Vincent Dehm, pastor of AEC’s Recreation church in Baltimore, says his congregation will offer a free martial arts summer camp for young people taught by a top athlete. “If there’s a 25-year-old in Park Heights, we can reach them by giving food, but we’re not going to have a vast impact on their life,” says Dehm. “But, if we have 100 kids who we can minister to for two hours a day, three days week, what kind of impact can we have?”

Celeste Ryan Blyden, union vice president for strategic communication and public relations, reports that the union executive committee in May voted to host a summit later this year to assess needs in the 10 major cities located within its territory. “We need to ask how we can come alongside our churches and ministries to create dialogue and partnerships that address current realities and challenges and make a transforming impact,” she says.

4. Join the discussion

WAU held a Summit on Race and Justice in March to start a dialogue not often broached from the pulpit. The forum, hosted by the university’s Center for Metropolitan Ministry and Center for Law and Public Policy, dealt with the issues in a constructive manner.

“The oppression is real and the frustration is understandable,” says John Gavin, director for the Center for Metropolitan Ministry. “We have to work at understanding all the forces that make people angry and feel down and out.” He adds that people have to try not to alienate one another. “Basically the way to improve race relations is to interact more,” he says.
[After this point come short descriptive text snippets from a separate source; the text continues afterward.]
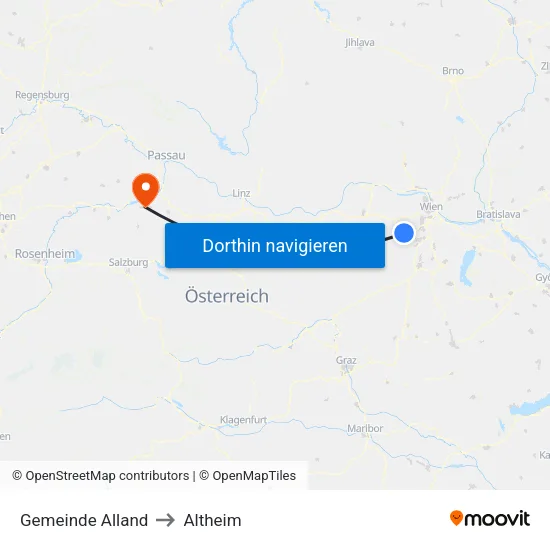 Gemeinde Alland to Altheim map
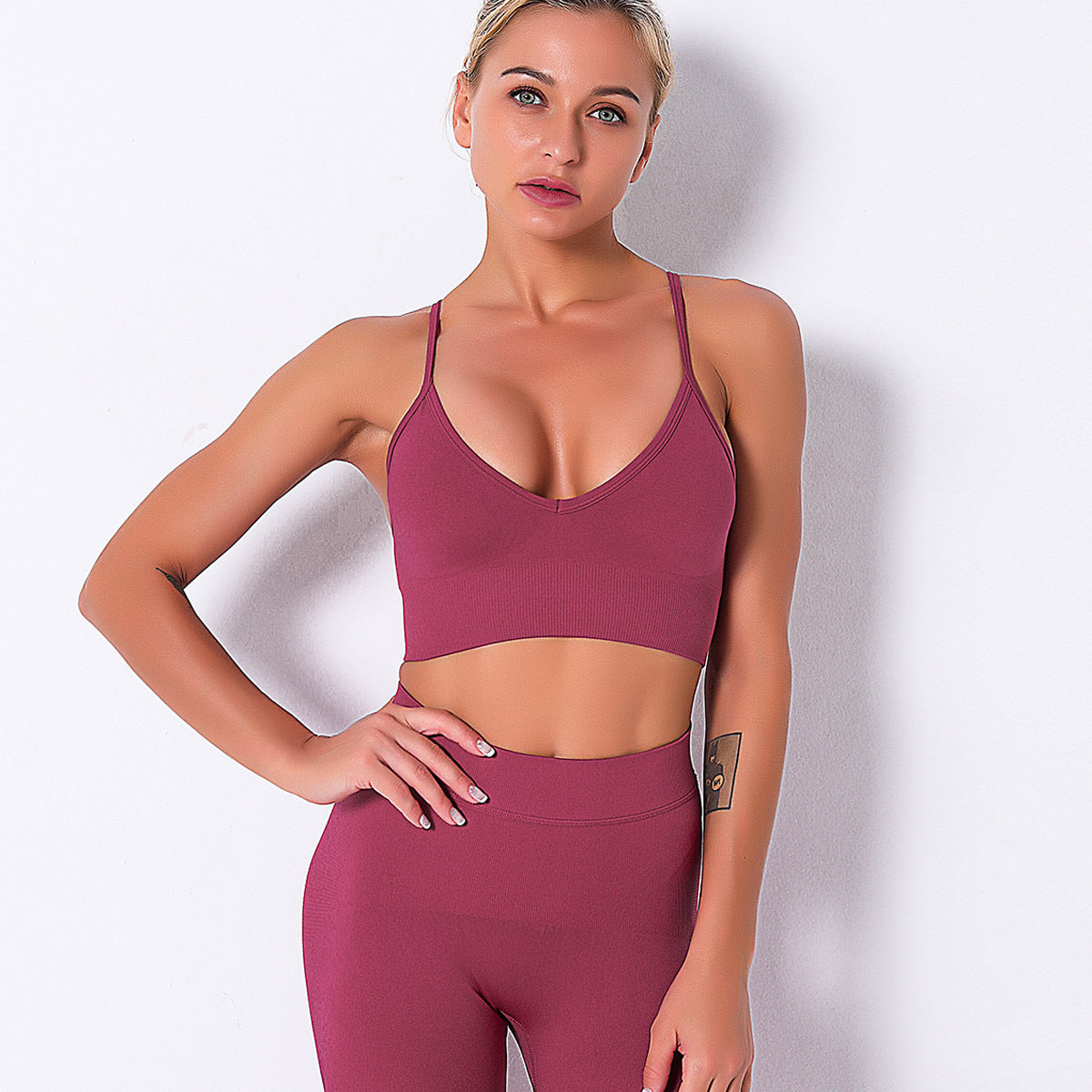 Custom quick-drying yoga vest suspenders multi-color beautiful back outdoor professional sports running seamless fitness bra
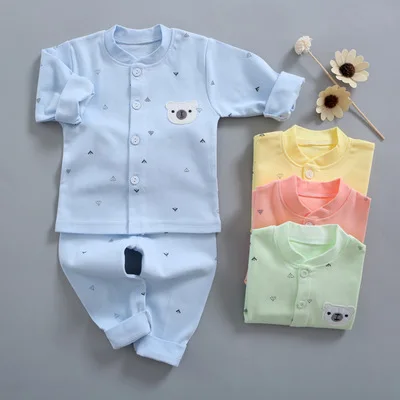 2021 весенний детский Qiuyi Qiuku хлопковый комплект нижнего белья для младенцев с мультяшным рисунком Кардиган с длинным рукавом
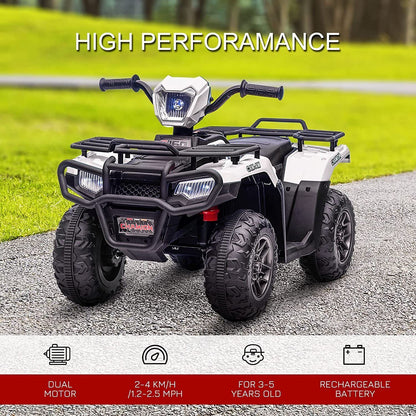 12V Electric Kids ATV Quad Car - Black, Suitable for Ages 3-6 Years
Potomac’s Restoration Praise Center in Bowie, Md., also hosted a forum in April titled Social Justice and the Seventh-day Adventist Church. Dwayne Leslie, director of legislative affairs for the General Conference and discussion moderator, says Micah 6:8 instructs Christians to take moral high ground on social issues. “Let’s keep the conversation going,” he says. “The goal is to not be political, but there’s nothing wrong with helping our fellow man.”